Queen Elizabeth II vows to finish EU exit in speech to Parliament

Following by the decisive election victories for the ruling Conservative Party last week, Queen Elizabeth II delivered her traditional parliamentary speech Thursday, promising to finish Britain’s long-awaited exit from the European Union.

Britain’s Queen Elizabeth ll and the Prince of Wales are seen Thursday during the state opening of Parliament at the House of Commons in London. Photo by UK Parliamentary Recording Unit/

The speech, given at the start of every new Parliament, highlights the Conservative Party agenda. Prime Minister Boris Johnson campaigned for months on his determination to see the process through, a sentiment echoed by the queen Thursday.

“My ministers will bring forward legislation to ensure [Britain’s] exit on [Jan. 31] and to make the most of the opportunities that this brings for all the people,” she said.

“Thereafter, my ministers will seek a future relationship with the EU based on a free trade agreement that benefits the whole of [Britain]. They will also begin trade negotiations with other leading global economies.”


Thursday’s was the queen’s second such speech in just two months. She opened Parliament on Oct. 14, not long before Johnson ultimately ordered a do-over election after failing to pass his exit plan through Parliament.

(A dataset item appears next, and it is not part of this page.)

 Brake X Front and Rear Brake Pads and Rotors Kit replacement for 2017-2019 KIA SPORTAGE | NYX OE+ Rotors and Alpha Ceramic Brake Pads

Last week’s vote, which brought major gains for Conservatives and historic losses for the Labor Party, gave Johnson a strong majority in Parliament — and possibly the muscle needed to complete Britain’s exit, which has already been postponed a number of times.

The EU exit was part of more than 20 bills mentioned by the queen Thursday. Others included proposals on healthcare and other domestic priorities.


“For the first time, the National Health Service’s multi-year funding settlement, agreed earlier this year, will be enshrined in law,” she said. “Steps will be taken to grow and support the NHS workforce and a new visa will ensure qualified doctors, nurses and health professionals have fast-track entry to [Britain].”

The queen also called for a “modern, fair, points-based immigration system,” increasing the national living wage and increasing per-student funding levels. She also called for improved Internet safety, longer sentences for serious violent criminals and environmental principles and goals.